Cherrie and Miller spent the day at the really capital zoological gardens, with the curator, Miss Snethlage. Miss Snethlage, a German lady, is a first rate field and closet naturalist, and an explorer of note, who has gone on foot from the Xingu to the Tapajos. Most wisely she has confined the Belen zoo to the animals of the lower Amazon valley, and in consequence I know of no better local zoological gardens. She has an invaluable collection of birds and mammals of the region; and it was a privilege to meet her and talk with her.

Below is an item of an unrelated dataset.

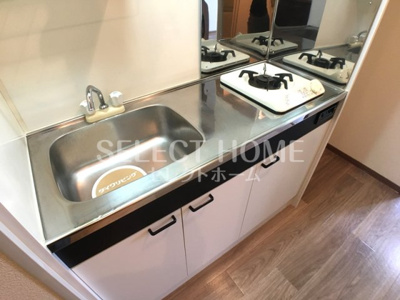  | セジュール犬塚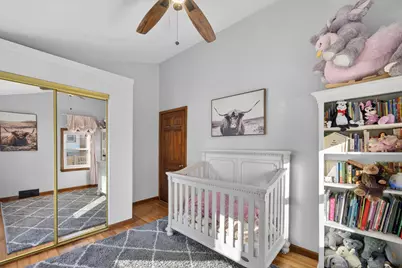 480  Freeman St, Genoa City, WI 53128 - Photo 26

We also met Professor Farrabee, of the University of Pennsylvania, the ethnologist. He had just finished a very difficult and important trip, from Manaos by the Rio Branco to the highlands of Guiana, across them on foot, and down to the seacoast of British Guiana. He is an admirable representative of the men who are now opening South America to scientific knowledge.

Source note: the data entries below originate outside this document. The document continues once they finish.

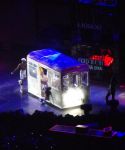 Filename=lady_gaga_016.jpg
Filesize=128KiB
Dimensions=1024x768
Date added=Feb 26, 2011 lady_gaga_016.jpg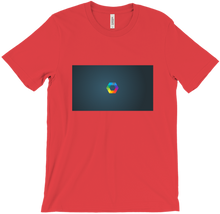 sacaluka T-Shirts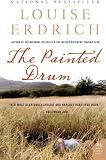 The Painted Drum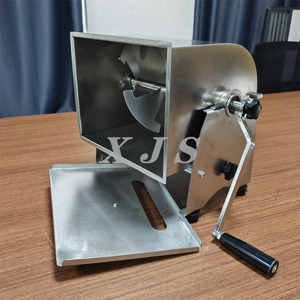 Mezcladora <span class=keywords><strong>de</strong></span> <span class=keywords><strong>Carne</strong></span> <span class=keywords><strong>Manual</strong></span> a <span class=keywords><strong>Precio</strong></span> <span class=keywords><strong>de</strong></span> Fábrica, Mezcladora <span class=keywords><strong>de</strong></span> Salchichas, Mezcladora <span class=keywords><strong>de</strong></span> <span class=keywords><strong>Carne</strong></span> <span class=keywords><strong>Manual</strong></span> Comercial, Nueva Condición - Product Image 4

On May 7 we bade good-by to our kind Brazilian friends and sailed northward for Barbados and New York.
Zoologically the trip had been a thorough success. Cherrie and Miller had collected over twenty-five hundred birds, about five hundred mammals, and a few reptiles, batrachians, and fishes. Many of them were new to science; for much of the region traversed had never previously been worked by any scientific collector.
Of course, the most important work we did was the geographic work, the exploration of the unknown river, undertaken at the suggestion of the Brazilian Government, and in conjunction with its representatives. No piece of work of this kind is ever achieved save as it is based on long continued previous work. As I have before said, what we did was to put the cap on the pyramid that had been built by Colonel Rondon and his associates of the Telegraphic Commission during the six previous years. It was their scientific exploration of the chapadao, their mapping the basin of the Juruena, and their descent of the Gy- Parana that rendered it possible for us to solve the mystery of the River of Doubt.